TASK INSTRUCTIONS: Through the line with "Mug - cla91 (image 2)" and starting from the first line, return the records below word for word, with pictures left out.

INFORMATION PROVIDED:
↓↓↓

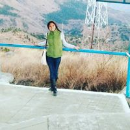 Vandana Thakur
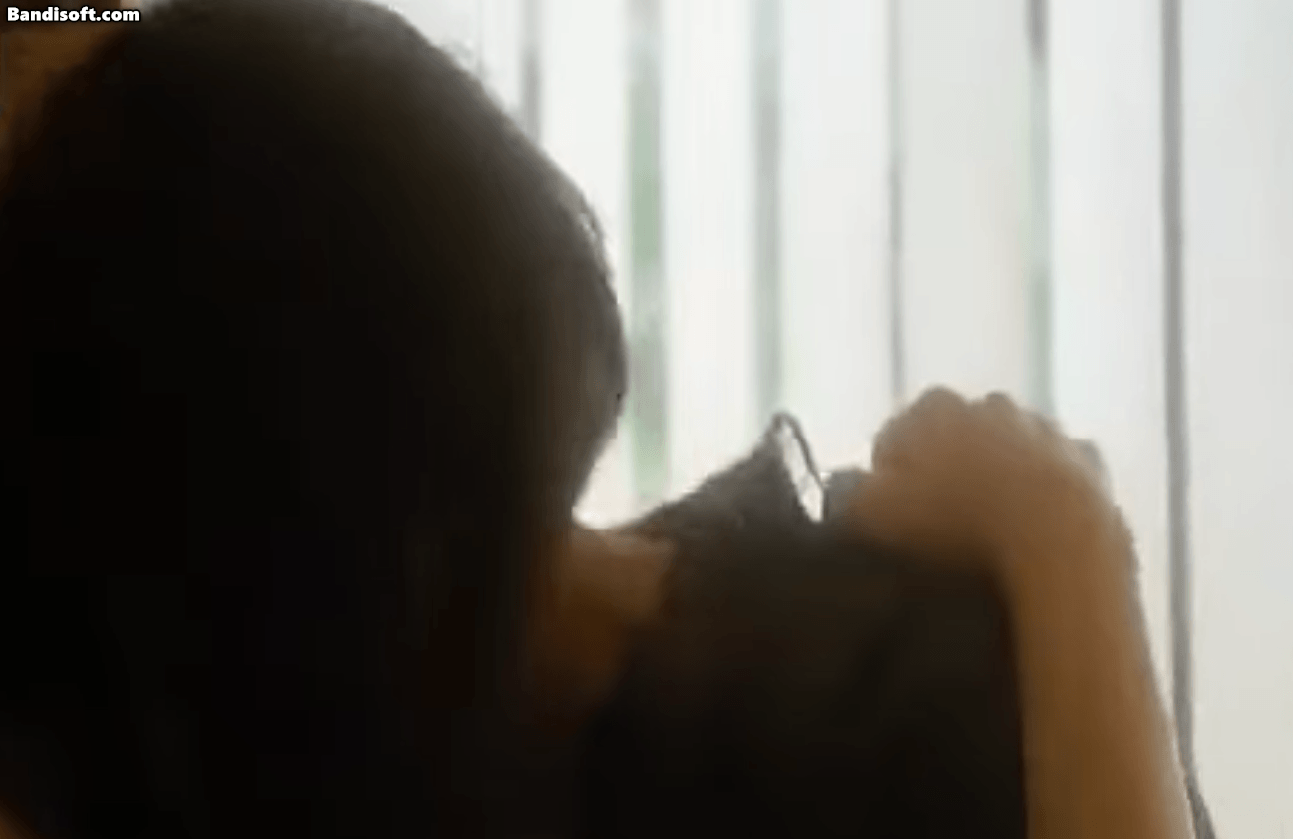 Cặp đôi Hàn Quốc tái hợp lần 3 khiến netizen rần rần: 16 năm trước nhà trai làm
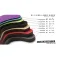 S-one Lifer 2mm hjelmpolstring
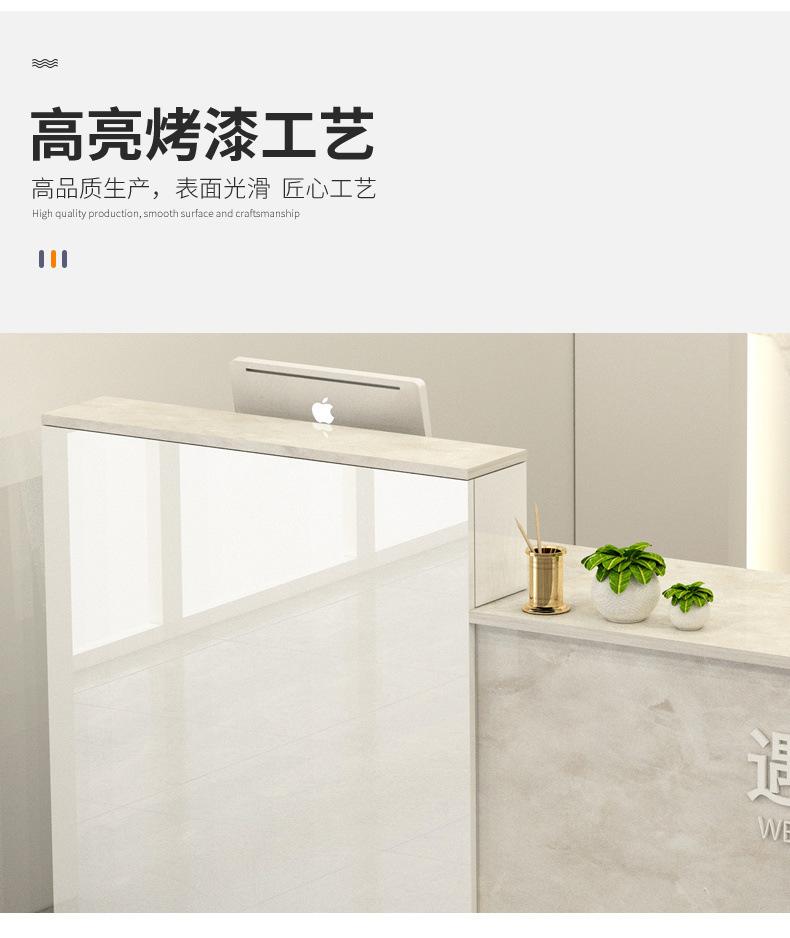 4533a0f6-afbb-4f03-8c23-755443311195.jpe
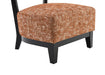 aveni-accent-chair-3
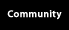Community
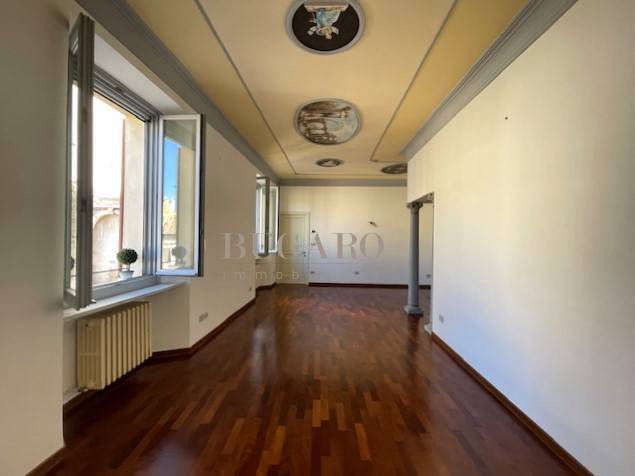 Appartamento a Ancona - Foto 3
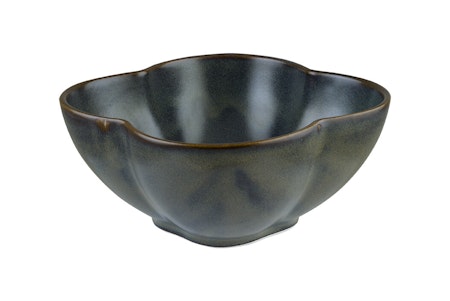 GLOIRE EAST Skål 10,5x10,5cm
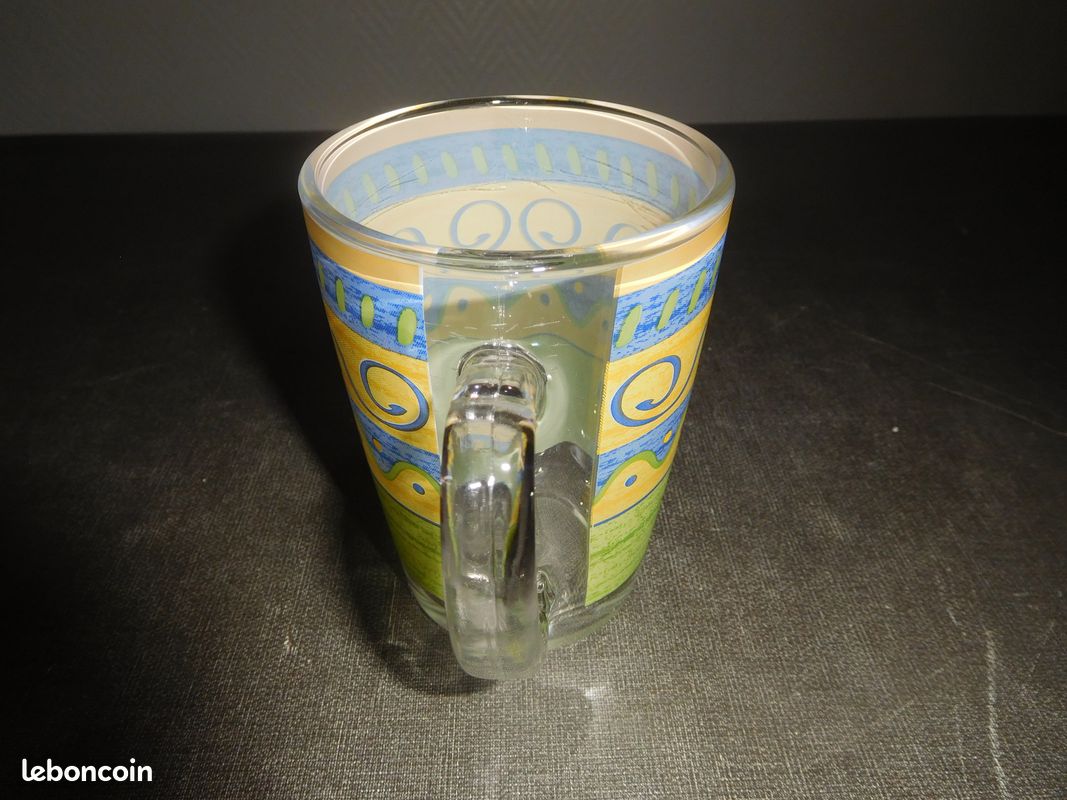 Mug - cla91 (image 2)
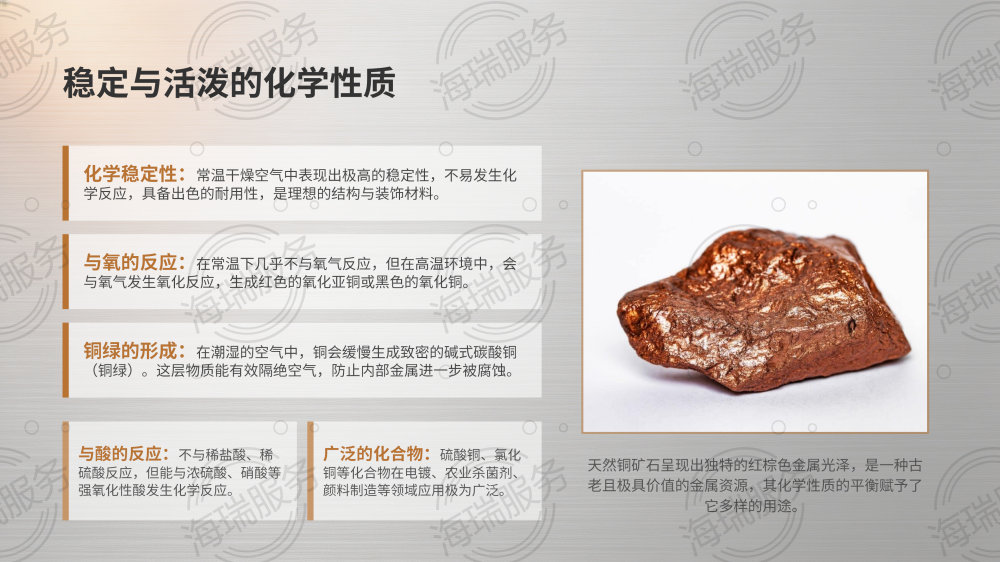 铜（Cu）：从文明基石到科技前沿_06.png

↑↑↑

TASK RESULT:
 Vandana Thakur
 Cặp đôi Hàn Quốc tái hợp lần 3 khiến netizen rần rần: 16 năm trước nhà trai làm
 S-one Lifer 2mm hjelmpolstring
 4533a0f6-afbb-4f03-8c23-755443311195.jpe
 aveni-accent-chair-3
Community
 Appartamento a Ancona - Foto 3
 GLOIRE EAST Skål 10,5x10,5cm
 Mug - cla91 (image 2)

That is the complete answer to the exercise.